ポーランドが、旧ソ連製のT72型戦車を200台以上もウクライナへ提供する話に、ロシア側は複雑な気持ちであろう。
(2)「運営の責任は、ドイツ・シュツットガルト市に本部がある米軍欧州軍が担う。このセンターは米欧州軍ウクライナ管理センター(ECCU)の呼称を持ち、米海軍の少将が責任者となる。管理センターには、米国の担当者のほか、15カ国の要員も詰める。ウクライナを支援している40カ国以上の同盟国やパートナー国の連携活動などの管理にも当たるとした」
ドイツ・シュツットガルトに、ウクライナへの武器などの供与センターを設けて、40カ国以上の同盟国やパートナー国の連携活動の交通整理役を行なう。ロシアは、こういう本格的なウクライナ支援体制を見ることによって、「被害者意識」になってきたという。
『ウォール・ストリート・ジャーナル』(5月2日付)は、「ロシア、『ウクライナ紛争は 西側との戦争』」と題する記事を掲載した。
ロシア政府がウクライナとの戦いを西側諸国との戦争と位置づけようとしている。ロシア政府の指導者らやプロパガンダを担う政府系メディアはロシア国民に対し、ウクライナとの対立は世界的な衝突に発展する可能性があると警告している。

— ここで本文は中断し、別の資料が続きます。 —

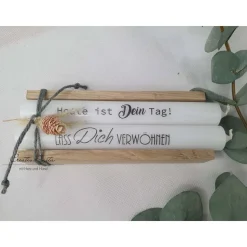 Geburtstagsgeschenk Kerzen - Stabkerzen mit Sprüchen -Heute ist Dein Tag- -Lass Dich verwöhnen-Dekoriert mit Holz
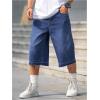 imageVerdusa Mens Baggy Jean Raw Trim Casual Loose Denim Shorts Bermuda Jean Loose ShortMedium Wash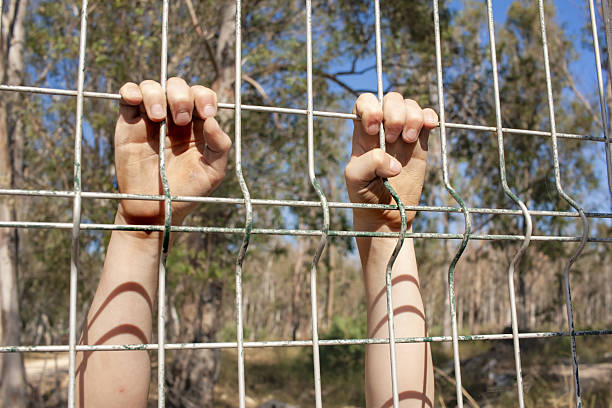 Hands behind bars, symbol of emigrants, occupied territory, border. High quality photo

(3)「ロシア政府や政府系メディアはここ数日、西側諸国は最終的にロシアを封じ込め、崩壊させようとしていると警鐘を鳴らし、核による攻撃の可能性を含め報復措置をちらつかせている。米国と一部の同盟国は、ウクライナ戦争をロシアの帝国主義的野望を抑えるための機会ととらえる姿勢を強めており、ウクライナへの軍事支援を強化している」
ロシアは、短時日でウクライナ侵攻を終わらせると楽観していたが、ついに2ヶ月を超える戦いになった。ウクライナ軍の武器弾薬は日に日に,西側諸国の支援によって強化されている。形勢不利に驚いたロシアは、被害者意識に転じているという。
(4)「これに対しロシア政府は国民に対し、歩み寄りが不可能でより広範な対立となる可能性があることを伝え始めた。とりわけ、第二次世界大戦でナチス・ドイツに勝利した9日の戦勝記念日の祝賀式典を利用し、第二次世界大戦とウクライナでの戦争を関係づけようとしている。ロシアではここ数週間、ロシアは西側諸国からの攻撃を受ける被害者であり、国を守る必要があるという主張が勢いを増している」
下線部分は、ロシア軍が守勢に立たされていることを物語っている。ロシア軍は、武器弾薬の補給に支障が出始めている様子であり、開戦当初の勢いは完全に消え失せた。